After query function works, there are values in matchPoints.
first one is point, and second one looks like some indexing number.
I don't know what second one means.
Q. and I also curious about result of matchPoints. After query function works, there are values in matchPoints. first one is point, and second one looks like some indexing number. I don't know what second one means.
Well, that's got to be a data member in your value type. What is in it depends solely on what you inserted into the rtree. it wouldn't surprise me if it was an ID that describes the geometry.
Since you do not even show the type of RT, we can only assume it is the same as nextRT. If so, we can assume that value is likely a pair like pair<box, unsigned> (because of what you insert). So, look at what got inserted for the unsigned value of the pair in RT...
Q.
if (bg::distance(p, matchPoints.back().first) > 3) matchPoints.pop_back();
else {
pointList.push_back(make_pair(keypoints[j + 1][i].pt.x, keypoints[j + 1][i].pt.y));
rtree.remove(matchPoints.back());
}
Simplify your code! Distilling the requirements:
It looks to me that for 4 sets of "key points", you want to create 4 rtrees containing all those key points with sequentially increasing ids.
Also for those 4 sets of "key points", you want to create a list of key points for which a geometry can be found with a radius of 3.
As a side-effect, remove those closely-matching geometries from the original rtree RT.
DECISION: Because these tasks are independent, let's do them separate:
// making up types that match the usage in your code:
struct keypoint_t { point pt; };
std::array<std::vector<keypoint_t>, 4> keypoints;
Now, let's do the tasks:
Note how RT is not used here:
for (auto const& current_key_set : keypoints) {
bgi::rtree< value, bgi::quadratic<16> > nextRT; // use a better name...
int i = 0;
for (auto const& kpd : current_key_set)
nextRT.insert(std::make_pair(kpd.pt, i++));
}
Creating the vector containing matched key-points (those with near geometries in RT):
for (auto const& current_key_set : keypoints) {
std::vector<point> matched_key_points;
for (auto const& kpd : current_key_set) {
point p = kpd.pt;
value match;
if (!RT.query(bgi::nearest(p, 1), &match))
continue;
if (bg::distance(p, match.first) <= 3) {
matched_key_points.push_back(p);
RT.remove(match);
}
}
}
Ironically, removing the matching geometries from RT became a bit of a minor issue in this: you can either delete by iterator or by a value.
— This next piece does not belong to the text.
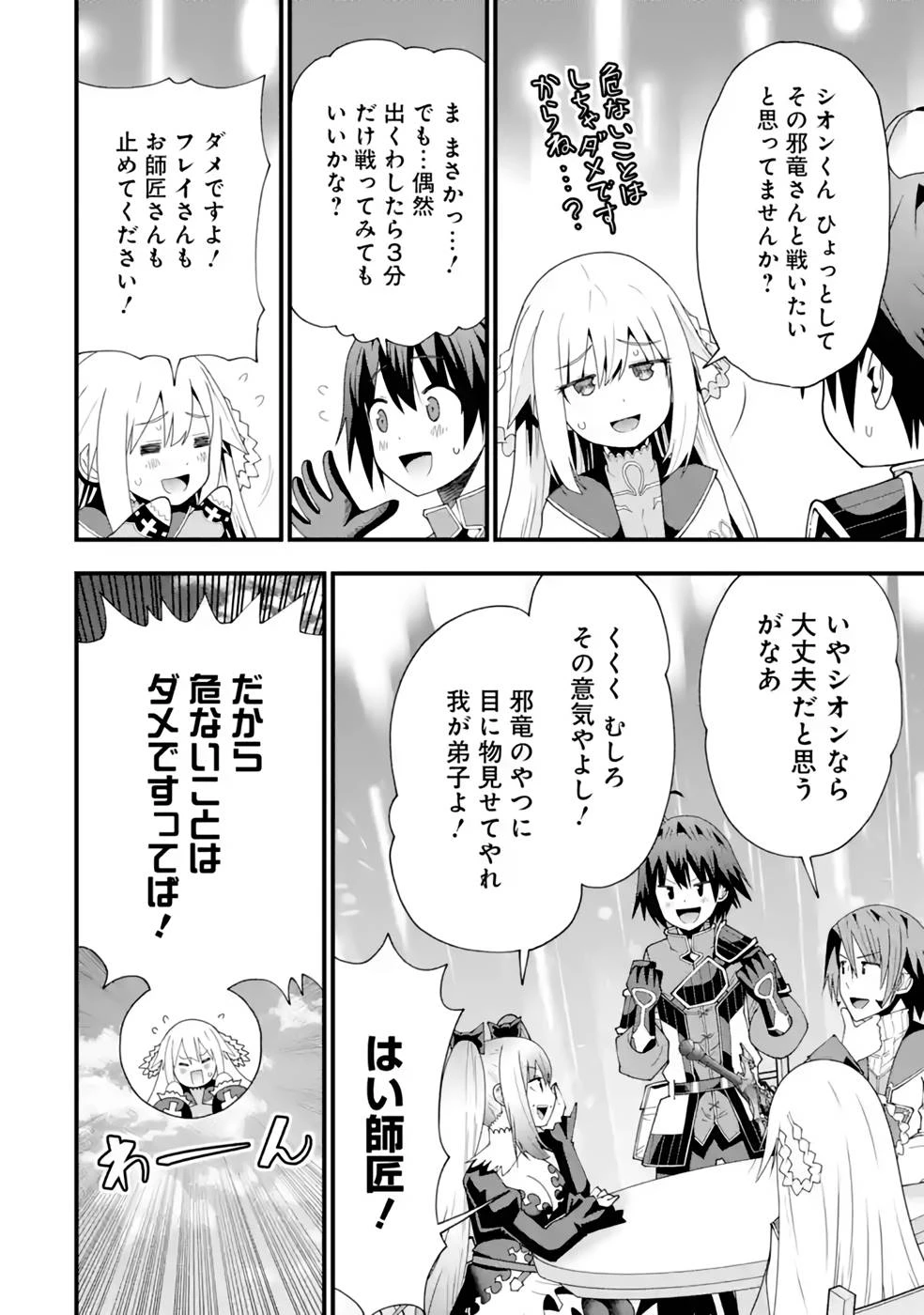 魔剣の弟子は無能で最強！〜英雄流の修行で万能になれたので、最強を目指します〜 第22話 - 26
In this case, we use the overload that takes a value.
Summary
It was hard to understand the code enough to see what it did. I have shown how to clean up the code, and make it work. Maybe these aren't the things you need, but hopefully using the better separated code, you should be able to get further.
Note that the algorithms have side effects. This makes it hard to understand what really will happen. E.g.:
removing points from the original RT affects what the subsequent key points (even from subsequent sets (next j)) can match with
if you have the same key point multiple times, they may match more than 1 source RT point (because after removal of the first match, there might be a second match within radius 3)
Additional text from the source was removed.